Morphine Potentiates Neuropathogenesis of SIV Infection in Rhesus Macaques

  • Sirosh M. Bokhari
  • Ramakrishna Hegde
  • Shannon Callen
  • Honghong Yao
  • Istvan Adany
  • Qingsheng Li
  • Zhuang Li
  • David Pinson
  • Hung-Wen Yeh
  • Paul D. Cheney
  • Shilpa BuchEmail author
ORIGINAL ARTICLE

Abstract

Despite the advent of antiretroviral therapy, complications of HIV-1 infection with concurrent drug abuse are an emerging problem. Opiates are well known to modulate immune responses by preventing the development of cell-mediated immune responses. Their effect on the pathogenesis of HIV-1 infection however remains controversial. Using the simian immunodeficiency virus/macaque model of HIV pathogenesis, we sought to explore the impact of morphine on disease progression and pathogenesis. Sixteen rhesus macaques were divided into two groups; four were administered saline and 12 others morphine routinely. Both groups of animals were then inoculated with SIVmacR71/17E and followed longitudinally for disease pathogenesis. The morphine group (M+V) exhibited a trend towards higher mortality rates and retardation in weight gain compared to the virus-alone group. Interestingly, a subset of M+V animals succumbed to disease within weeks post-infection. These rapid progressors also exhibited a higher incidence of other end-organ pathologies. Despite the higher numbers of circulating CD4+ and CD8+ T cells in the M+V group, CD4/CD8 ratios between the groups remained unchanged. Plasma and CSF viral load in the M+V group was at least a log higher than the control group.
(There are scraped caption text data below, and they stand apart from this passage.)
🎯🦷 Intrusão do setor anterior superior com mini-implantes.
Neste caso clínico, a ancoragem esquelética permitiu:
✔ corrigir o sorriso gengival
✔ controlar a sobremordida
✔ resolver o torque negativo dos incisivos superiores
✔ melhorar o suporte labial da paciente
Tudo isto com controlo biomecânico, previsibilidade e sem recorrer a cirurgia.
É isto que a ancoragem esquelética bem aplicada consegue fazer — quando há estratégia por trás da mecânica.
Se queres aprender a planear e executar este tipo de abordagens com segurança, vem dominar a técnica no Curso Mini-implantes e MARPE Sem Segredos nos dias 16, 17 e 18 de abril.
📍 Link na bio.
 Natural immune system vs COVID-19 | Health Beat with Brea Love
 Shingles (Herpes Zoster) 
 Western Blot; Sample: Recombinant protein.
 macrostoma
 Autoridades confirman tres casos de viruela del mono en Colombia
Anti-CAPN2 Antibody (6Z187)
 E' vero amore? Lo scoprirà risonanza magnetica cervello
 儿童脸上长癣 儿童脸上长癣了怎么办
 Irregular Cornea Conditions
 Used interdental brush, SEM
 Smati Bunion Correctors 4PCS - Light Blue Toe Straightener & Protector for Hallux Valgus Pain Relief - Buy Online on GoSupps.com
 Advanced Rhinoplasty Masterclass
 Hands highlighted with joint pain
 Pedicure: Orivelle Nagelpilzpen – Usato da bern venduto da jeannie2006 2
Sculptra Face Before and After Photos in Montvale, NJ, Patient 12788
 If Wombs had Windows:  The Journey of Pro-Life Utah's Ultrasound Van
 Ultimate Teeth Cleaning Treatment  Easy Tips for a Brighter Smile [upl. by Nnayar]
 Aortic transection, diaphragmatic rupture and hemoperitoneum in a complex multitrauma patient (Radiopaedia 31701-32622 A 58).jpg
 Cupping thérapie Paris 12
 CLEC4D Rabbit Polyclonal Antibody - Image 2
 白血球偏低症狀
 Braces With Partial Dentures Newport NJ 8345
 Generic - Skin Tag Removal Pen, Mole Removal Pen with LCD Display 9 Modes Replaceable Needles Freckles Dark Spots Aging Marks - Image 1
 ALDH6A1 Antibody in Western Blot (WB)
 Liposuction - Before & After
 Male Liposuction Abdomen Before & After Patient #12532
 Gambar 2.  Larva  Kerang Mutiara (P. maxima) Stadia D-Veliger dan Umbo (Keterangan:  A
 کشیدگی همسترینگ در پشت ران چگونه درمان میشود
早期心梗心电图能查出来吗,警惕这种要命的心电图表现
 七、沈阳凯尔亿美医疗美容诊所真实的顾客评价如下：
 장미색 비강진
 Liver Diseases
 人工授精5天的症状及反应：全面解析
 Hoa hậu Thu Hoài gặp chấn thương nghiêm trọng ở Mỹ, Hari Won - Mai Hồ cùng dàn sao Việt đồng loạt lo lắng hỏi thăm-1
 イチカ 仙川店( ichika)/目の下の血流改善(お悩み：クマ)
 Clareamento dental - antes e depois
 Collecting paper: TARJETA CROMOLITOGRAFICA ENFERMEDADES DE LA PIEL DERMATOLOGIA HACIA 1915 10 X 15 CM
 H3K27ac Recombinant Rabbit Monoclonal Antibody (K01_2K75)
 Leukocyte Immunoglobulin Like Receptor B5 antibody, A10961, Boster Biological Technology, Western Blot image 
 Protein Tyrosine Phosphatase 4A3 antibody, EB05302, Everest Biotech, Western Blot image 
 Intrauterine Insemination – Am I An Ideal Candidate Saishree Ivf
Similarly, there was a trend toward increased virus build-up in the brains of M+V animals compared with controls. A novel finding of this study was the increased influx of infected monocyte/macrophages in the brains of M+V animals.

Keywords

Morphine SIV Neuropathogenesis 

Notes

Acknowledgments

This work was supported by grant DA024442 from the National Institutes of Health (SB).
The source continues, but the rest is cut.